Those assumptions have proven incorrect. Because it was too easy to just ::CreateProcess in the default manner and then get access to the session after-the-fact and manipulate it with APIs like ::GetConsoleWindow(), tooling and tests organically grew to make use of this process. Instead of requesting up front that they didn't need a window or the overhead of a console session, they would create one anyway by default and then manipulate it afterward to hide it, move it off- screen, or otherwise push it around. Overall, this is terrible for their performance and overall reliability because they've obscured their intent by not asking for it upfront and impacted their performance by having the entire subsystem spin up interactive work when they intend to not use it.
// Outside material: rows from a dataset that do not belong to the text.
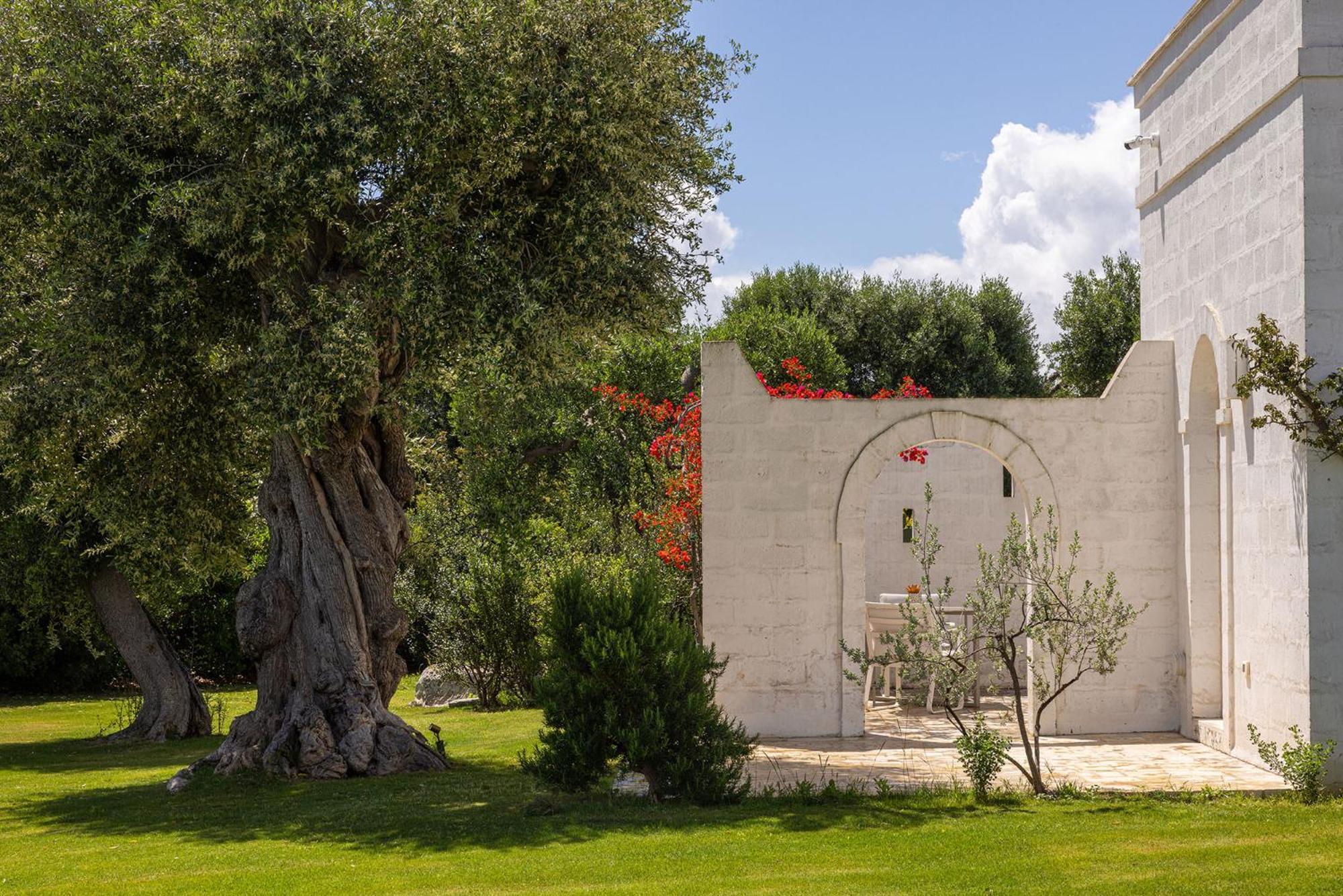 Masseria San Francesco 萨维勒特里 外观 照片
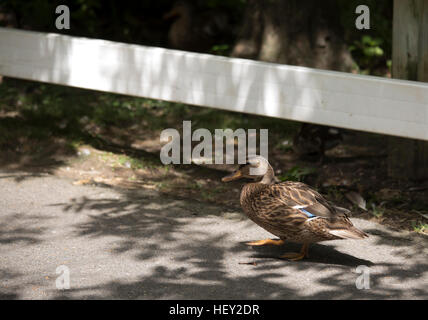 Mallard hen (Anas platyrhynchos) Foto Stock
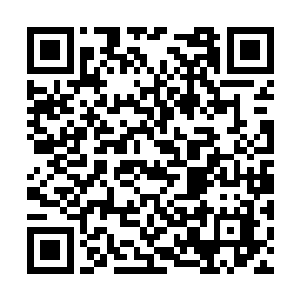 即便秦洛使劲儿的在下面踢腿也没办法碰到她的话二维码生成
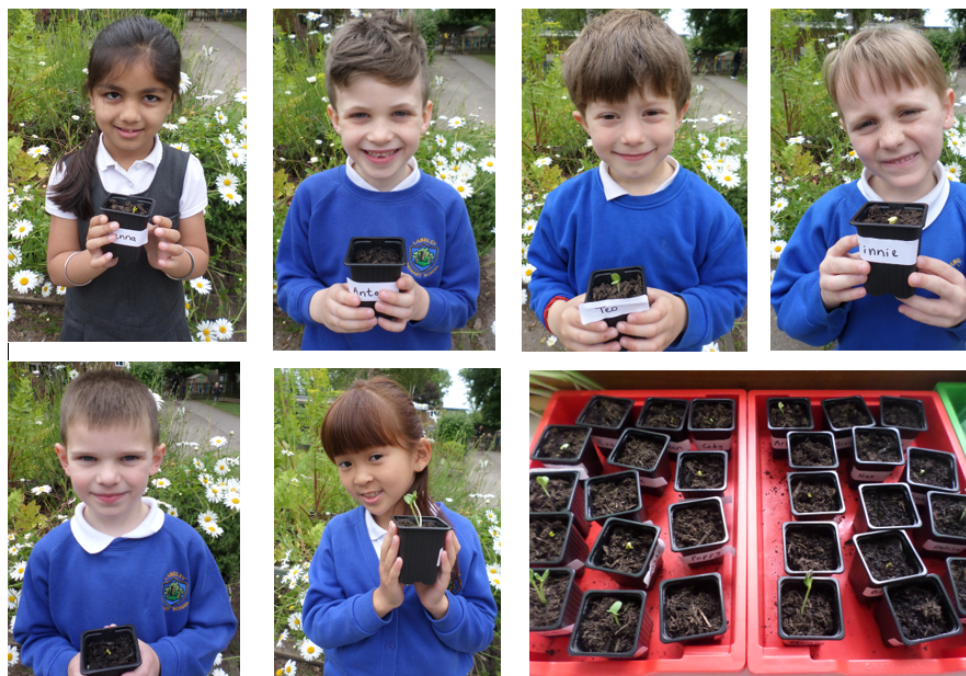 Header image for 1D planting sunflower seeds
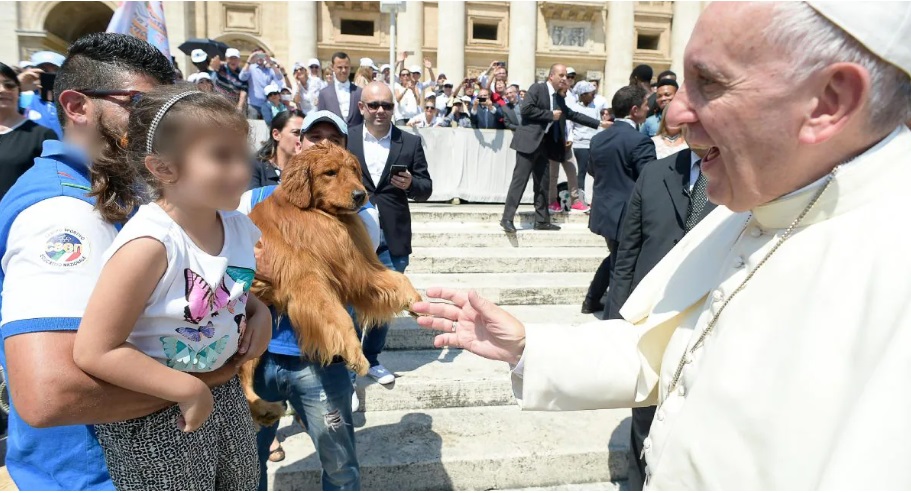 Papa Françesku kritikon çiftet e reja: Mbajnë qen dhe nuk duan fëmijë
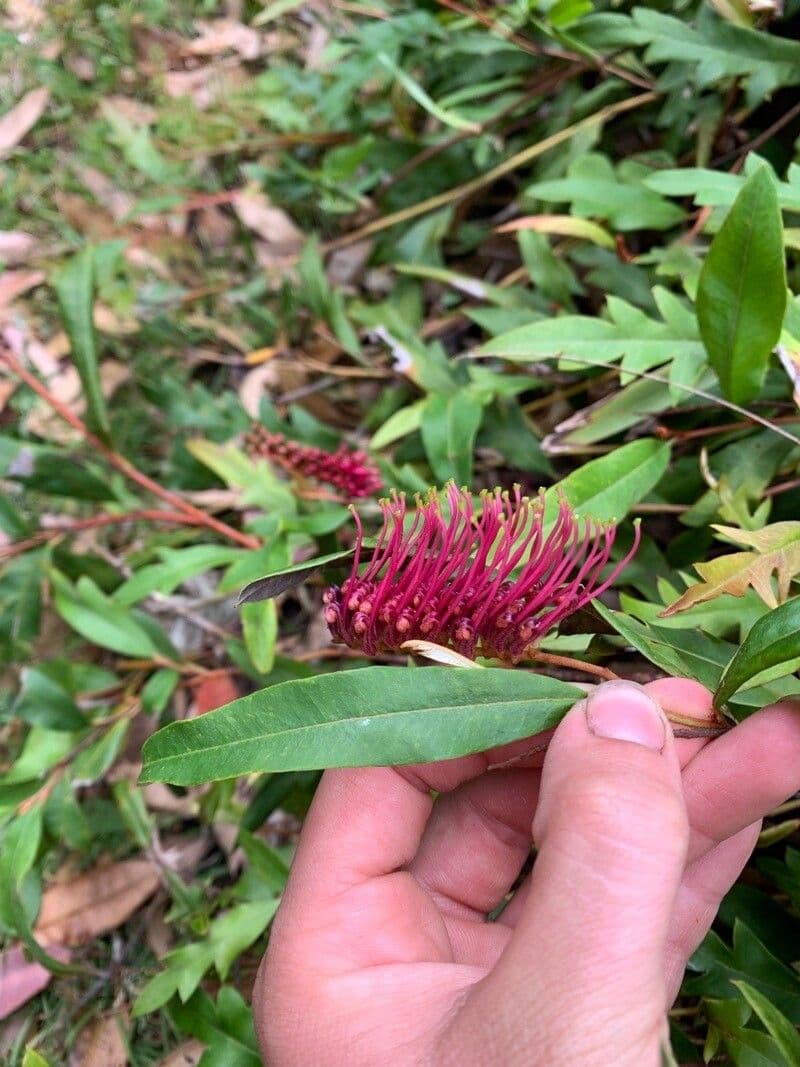 Langblättrige Grevillea 4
But Windows is the place for compatibility, so we must react and compensate for the existing non-ideal situation.

We will implement a mechanism to compensate for these that attempts to capture the intent of the requests from the calling applications against the ConPTY and translates them into the "universal" Virtual Terminal language to the best of its ability to make the same effects as prior to the change to the new PTY + Terminal platform.

Solution Design

Overall, there are three processes involved in this situation:

  1. The client command-line application utility, tool, or test that will manipulate the window.
  2. The console host (conhost.exe or openconsole.exe) operating in PTY mode.
  3. The terminal (windowsterminal.exe when it's Windows Terminal, but could be a third party).

The following diagram shows the components and how they will interact.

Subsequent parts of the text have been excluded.